Go through the entries and count the lines with the string "Apartment" in them. Give only that number.
^^^^
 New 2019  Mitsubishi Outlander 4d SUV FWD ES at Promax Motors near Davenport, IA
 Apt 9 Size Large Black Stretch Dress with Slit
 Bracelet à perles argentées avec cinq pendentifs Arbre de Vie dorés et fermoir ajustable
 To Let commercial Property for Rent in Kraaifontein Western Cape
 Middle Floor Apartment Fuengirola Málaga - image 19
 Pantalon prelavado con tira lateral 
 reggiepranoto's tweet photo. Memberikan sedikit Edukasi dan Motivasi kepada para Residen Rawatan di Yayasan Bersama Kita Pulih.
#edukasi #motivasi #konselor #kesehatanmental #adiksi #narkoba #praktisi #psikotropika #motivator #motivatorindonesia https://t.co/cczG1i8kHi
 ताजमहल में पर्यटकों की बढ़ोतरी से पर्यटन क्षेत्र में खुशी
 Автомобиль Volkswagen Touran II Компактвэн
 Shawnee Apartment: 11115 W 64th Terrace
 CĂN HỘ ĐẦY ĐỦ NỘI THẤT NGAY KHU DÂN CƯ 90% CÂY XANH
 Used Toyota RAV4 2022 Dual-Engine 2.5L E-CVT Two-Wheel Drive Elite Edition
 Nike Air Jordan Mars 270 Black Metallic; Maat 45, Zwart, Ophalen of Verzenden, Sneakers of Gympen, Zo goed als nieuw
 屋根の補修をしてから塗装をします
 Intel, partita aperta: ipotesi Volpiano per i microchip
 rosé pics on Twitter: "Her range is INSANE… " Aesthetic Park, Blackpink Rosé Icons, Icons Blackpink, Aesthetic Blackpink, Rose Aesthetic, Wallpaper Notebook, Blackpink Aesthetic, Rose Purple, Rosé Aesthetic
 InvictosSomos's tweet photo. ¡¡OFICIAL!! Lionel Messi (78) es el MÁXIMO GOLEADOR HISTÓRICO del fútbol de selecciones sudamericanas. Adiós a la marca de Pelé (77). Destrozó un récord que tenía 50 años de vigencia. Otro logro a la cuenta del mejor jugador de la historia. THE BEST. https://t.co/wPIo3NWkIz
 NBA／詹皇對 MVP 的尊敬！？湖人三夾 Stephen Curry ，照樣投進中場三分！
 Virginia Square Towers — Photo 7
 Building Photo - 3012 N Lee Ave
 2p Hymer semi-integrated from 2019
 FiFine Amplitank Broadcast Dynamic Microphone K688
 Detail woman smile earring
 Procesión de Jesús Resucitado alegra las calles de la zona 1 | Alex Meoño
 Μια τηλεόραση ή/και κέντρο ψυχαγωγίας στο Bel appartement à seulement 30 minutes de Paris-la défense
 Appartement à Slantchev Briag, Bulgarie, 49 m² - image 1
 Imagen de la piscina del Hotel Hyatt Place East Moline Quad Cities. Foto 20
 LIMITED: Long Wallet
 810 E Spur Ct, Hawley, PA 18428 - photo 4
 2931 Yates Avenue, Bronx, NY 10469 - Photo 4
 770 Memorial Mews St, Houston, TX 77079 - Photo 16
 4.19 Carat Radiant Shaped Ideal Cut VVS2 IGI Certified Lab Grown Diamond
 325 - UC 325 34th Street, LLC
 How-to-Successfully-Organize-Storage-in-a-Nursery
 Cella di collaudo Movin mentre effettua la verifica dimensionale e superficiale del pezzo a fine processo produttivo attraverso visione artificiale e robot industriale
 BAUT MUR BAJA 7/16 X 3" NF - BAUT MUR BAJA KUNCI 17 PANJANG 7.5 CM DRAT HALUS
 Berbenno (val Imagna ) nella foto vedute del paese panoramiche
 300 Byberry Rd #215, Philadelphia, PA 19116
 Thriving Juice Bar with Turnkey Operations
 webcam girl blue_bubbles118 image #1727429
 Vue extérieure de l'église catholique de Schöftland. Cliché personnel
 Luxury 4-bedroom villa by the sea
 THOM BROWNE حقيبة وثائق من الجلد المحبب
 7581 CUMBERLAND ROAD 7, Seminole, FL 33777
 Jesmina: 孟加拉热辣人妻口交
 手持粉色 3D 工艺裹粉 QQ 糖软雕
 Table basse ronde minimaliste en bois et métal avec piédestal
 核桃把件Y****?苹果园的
^^^^
RESULT FOR THIS EXERCISE
2